The selection of variables for matching is guided both by argumentation and by availability, emphasizing observability. Even with high matching quality, there always remains a statistical uncertainty that is challenging to quantify. To address this uncertainty, a sensitivity analysis was conducted to assess to which degree potential unobservable determinants could be distorted before the identified treatment effects become insignificant.
To examine the robustness of the results, Rosenbaum-Bounds [42, 43] were employed, as detailed in Supplement 3 in S1 File. In essence, Rosenbaum-Bounds model a parameter, Γ, which represents the degree of distortion in the assignment of subjects to treatment and control groups due to both observed and unobserved characteristics. A Γ of 1 indicates a randomized sample, with no difference between treatment and control groups and no confounding. The larger Γ, the more substantial the modeled imbalance between treatment and control groups [27]. A treatment effect is considered ‘robust’ if the null hypothesis (the assumption that the entire effect is due to confounding) is rejected even for larger Γ. Significant treatment effects with a Γ of 2 are described as very robust [44].
As we are estimating positive treatment effects, our focus is primarily on potential overestimation. The upper-bound significance level (sig+) in Tables III-3 in S1 File indicates whether the assumption of overestimation must be rejected.
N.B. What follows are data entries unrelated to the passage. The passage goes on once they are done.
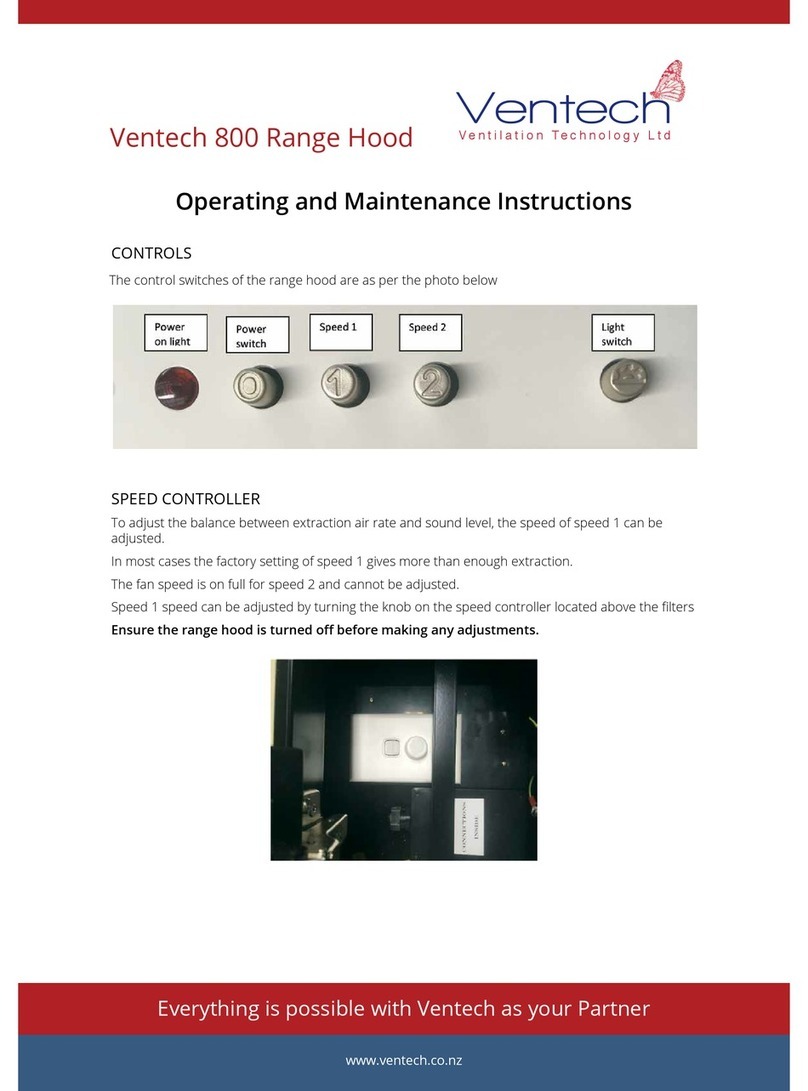 Ventech 800 Operating and maintenance instructions and service parts list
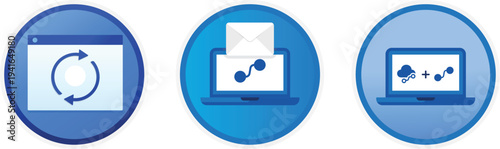 Email automation workflow icons. Browser sync, cloud messaging and laptop integration. SaaS marketing, CRM tutorials, onboarding, productivity and presentations. Tech flow chart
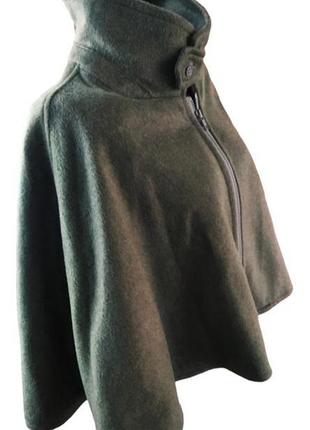 Вінтажне пончо, лоден із спрямованим ворсом, шерсть, колір хакі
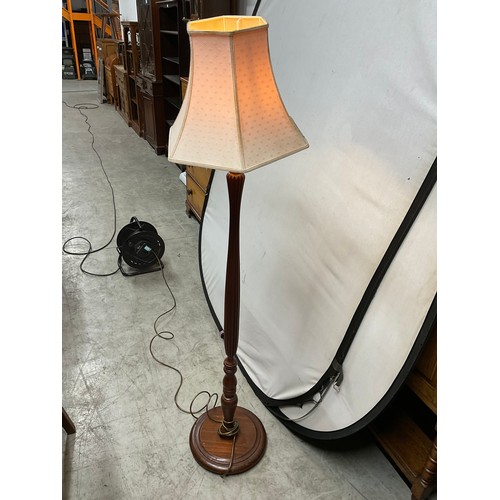 361 - THREE MODERN STANDARD LAMPS ONE WOODEN TWO METAL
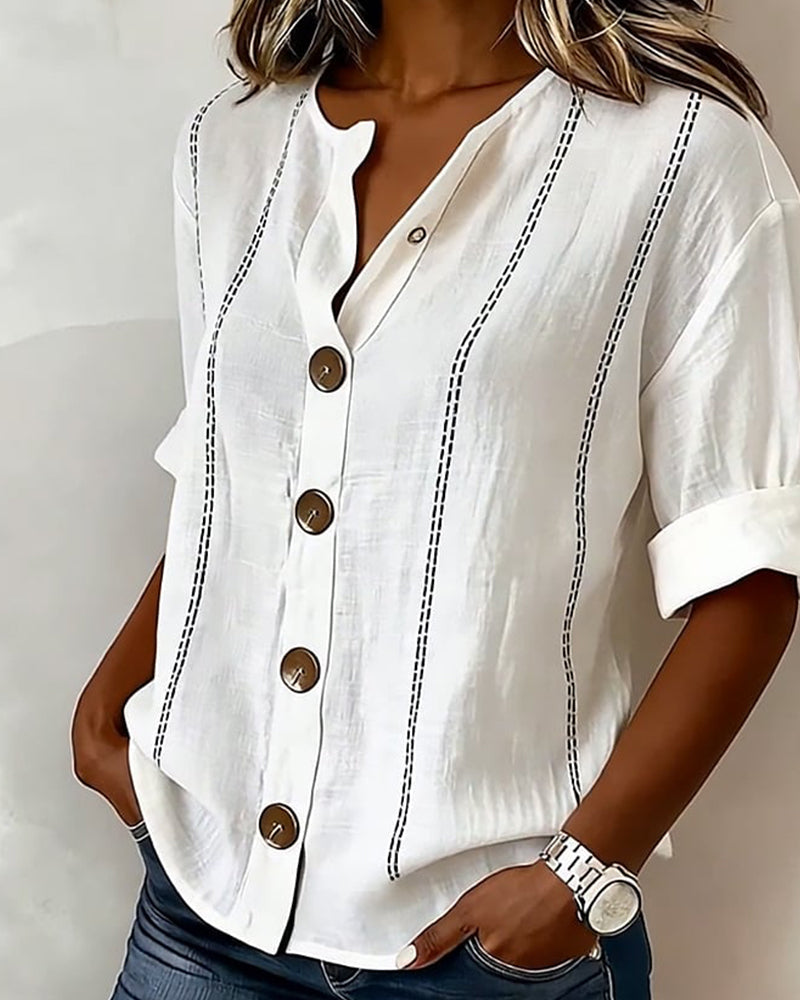 Celestina - Blusa con Mangas Cortas y Botones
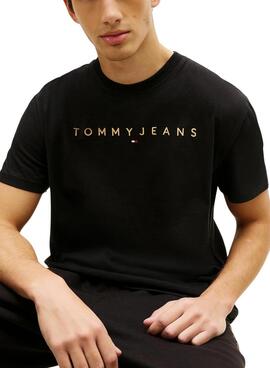 T-shirt Tommy Jeans Linear Logo noir pour homme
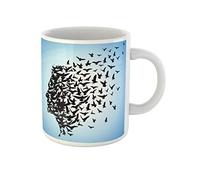 Awowee Taza de café Freedom Flying Birds to Human Head Brain Flock Face 325 ml, taza de té de cerámica, el mejor regalo o recuerdo para familiares, amigos y compañeros de trabajo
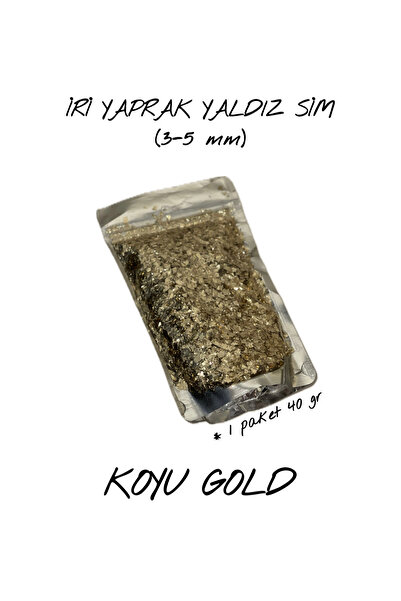 DURAKS KOYU GOLD İRİ YAPRAK YALDIZ SİM (3-5 mm) 40 gr | İpek Sıva & Pamuk Sıv...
Unlike PSM, Rosenbaum-Bounds are median-based, which may lead to variations in the significance level [27].
The calculations of Rosenbaum-Bounds in Supplement 3 in S1 File reveal three categories for treatment effects in our study: Firstly, for OSCE stations and skills such as Physical examination, PVC, rectal examination, and IM injections, FP has a substantial effect on OSCE performance, even when large confounding is modeled (Table III-3a, III-3g, III-3i, III-3j in S1 File). Secondly, there are OSCE stations, including neurological examination, anamnesis, and diagnosis, where FP has no effect on exam success regardless of the equality or inequality between the treatment and control groups (Tables III-3b-d in S1 File). Thirdly, for the medical skills venipuncture and ECG, treatment effects become significant only when large confounding is modeled. This suggests that the observed differences between FP and No FP are explained by unobserved factors.
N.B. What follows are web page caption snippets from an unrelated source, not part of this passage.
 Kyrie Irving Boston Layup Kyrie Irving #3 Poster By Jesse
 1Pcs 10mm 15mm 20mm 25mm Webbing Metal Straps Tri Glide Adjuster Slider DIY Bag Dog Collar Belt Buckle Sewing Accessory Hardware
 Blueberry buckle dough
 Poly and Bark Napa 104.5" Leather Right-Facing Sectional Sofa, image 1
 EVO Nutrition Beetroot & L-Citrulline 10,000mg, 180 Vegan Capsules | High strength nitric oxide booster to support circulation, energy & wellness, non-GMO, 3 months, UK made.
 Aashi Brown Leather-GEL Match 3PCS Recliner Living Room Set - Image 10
We further tested the robustness of our results by varying the matching parameters. For instance, we examined scenarios involving solely sociodemographic factors, including participants’ age, or exclusively factors associated with exam success. Additionally, for the OSCE stations Physical examination, neurological examination, Anamnesis, and Diagnosis we tested the division between “practiced only in the Skills Lab” and “FP only outside the Skills Lab” (i.e., the data collected in the year 2023). None of these variations significantly altered the estimated ATT (not shown in tables).
Discussion
In this study, we empirically tested the concept ‘assessment drives learning’ in the context of voluntary, free practice (FP) for an undergraduate OSCE in the second year of study at Hannover Medical School. We examined whether the anticipation of a complex assessment motivated students to prepare accordingly, and whether this training had positive effects on performance in the respective parts of the OSCE. To avoid interfering with students’ exam preparation and in order to be able to draw causal inferences, we employed the quasi-experimental approach of Propensity Score Matching (PSM).
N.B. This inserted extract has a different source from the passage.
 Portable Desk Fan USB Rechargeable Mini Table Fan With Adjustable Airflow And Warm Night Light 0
Summary of results and interpretation
We showed that the complexity of the OSCE format as well as the importance of the assessed competencies indeed served as strong motivators for MHH students to learn and to apply them, corroborating previous findings by Buss et al. [45].
We found statistically significant and robust, positive treatment effects on exam performance for FP of physical examinations and some (PVC, injections, digital-rectal examination), but not all medical skills. We think that the complexity of a task might explain (besides statistical explanations) the presence or absence of a positive effect of FP. Venipuncture and venous catheter placement are a good example: while they appear very similar, PVC entails more steps that have to be considered (e.g. fixating the cannula, insertion of the mandrin, clamping the vein).
We also find a robust, positive treatment effect for physical examinations of the heart, lungs, abdomen, etc.; individuals with FP scored almost five percentage points higher in the OSCE section ‘Physical examination’ compared to individuals from the control group.
We do not find significant differences for the ‘Neurological examination’. This is somewhat surprising, as physical and neurological examinations are very similar in terms of procedure and requirements. Both stations presume broad medical knowledge and include symptom-oriented medical histories that exceed the complexity of demonstrating medical skills. However, we argue that our data provide some hints that can explain the differences between internal and neurological examinations: physical examinations were practiced more frequently within the Skills lab than the neurological examination. We argue that a Skills lab as a mock-up clinic offers more realism than private premises. Another explanation is that there are more curriculum-based teaching units for internal examinations than for the neurological examination. This can lead to students being better prepared for the physical examination even without FP, resulting in better exam results. Since FP is done without guidance from lecturers or trained personnel, it may therefore be more difficult to practice content independently and in a structured manner for the neurological examination.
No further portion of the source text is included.